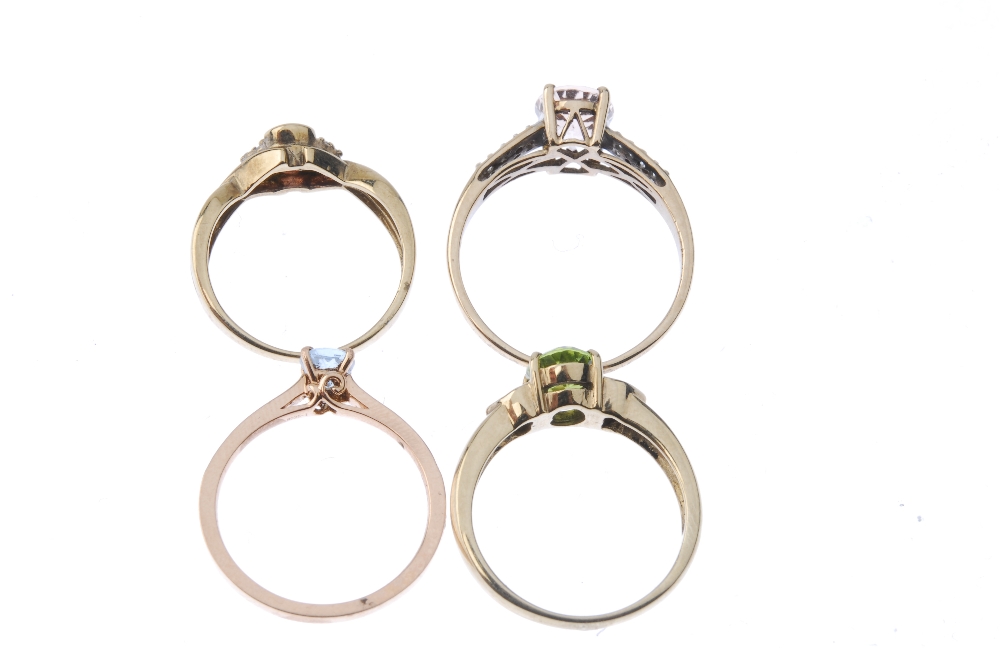 A selection of four gold diamond and gem-set rings. To include a circular-shape blue topaz and - Image 3 of 3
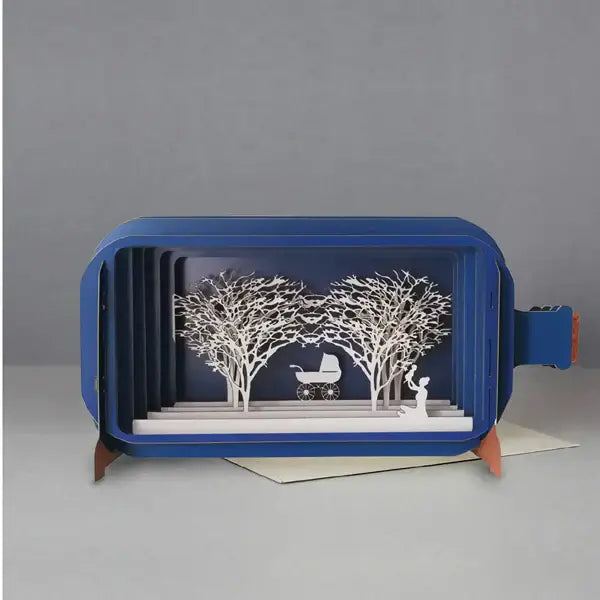 A blue pop-up greeting card displayed open with a design featuring a mother and baby with trees in the background.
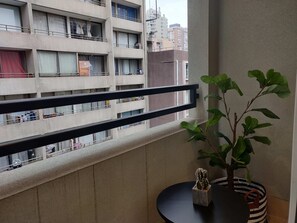 Cozy balcony retreat with city views, perfect for a morning coffee or evening relaxation.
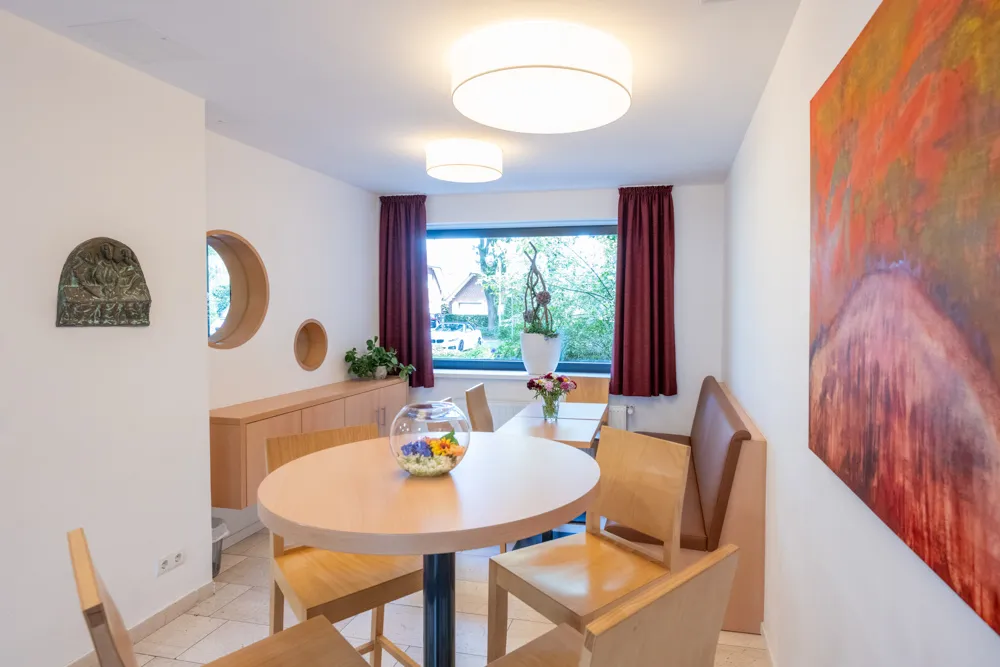 Im Aufenthaltsraum des Haus Emmaus steht im Vordergrund ein runder Tisch mit 4 Stühlen. Dahinter ist an der rechten Seite eine Sitzbank mit zwei kleinen Tischen davor und an der linken Wand hängt ein Sideboard.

◇ ◇ ◇ ◇

Leave out the pictures and set down all of the data exactly.

§ Your solution:
 A selection of four gold diamond and gem-set rings. To include a circular-shape blue topaz and - Image 3 of 3
 A blue pop-up greeting card displayed open with a design featuring a mother and baby with trees in the background.
 Cozy balcony retreat with city views, perfect for a morning coffee or evening relaxation.
 Im Aufenthaltsraum des Haus Emmaus steht im Vordergrund ein runder Tisch mit 4 Stühlen. Dahinter ist an der rechten Seite eine Sitzbank mit zwei kleinen Tischen davor und an der linken Wand hängt ein Sideboard.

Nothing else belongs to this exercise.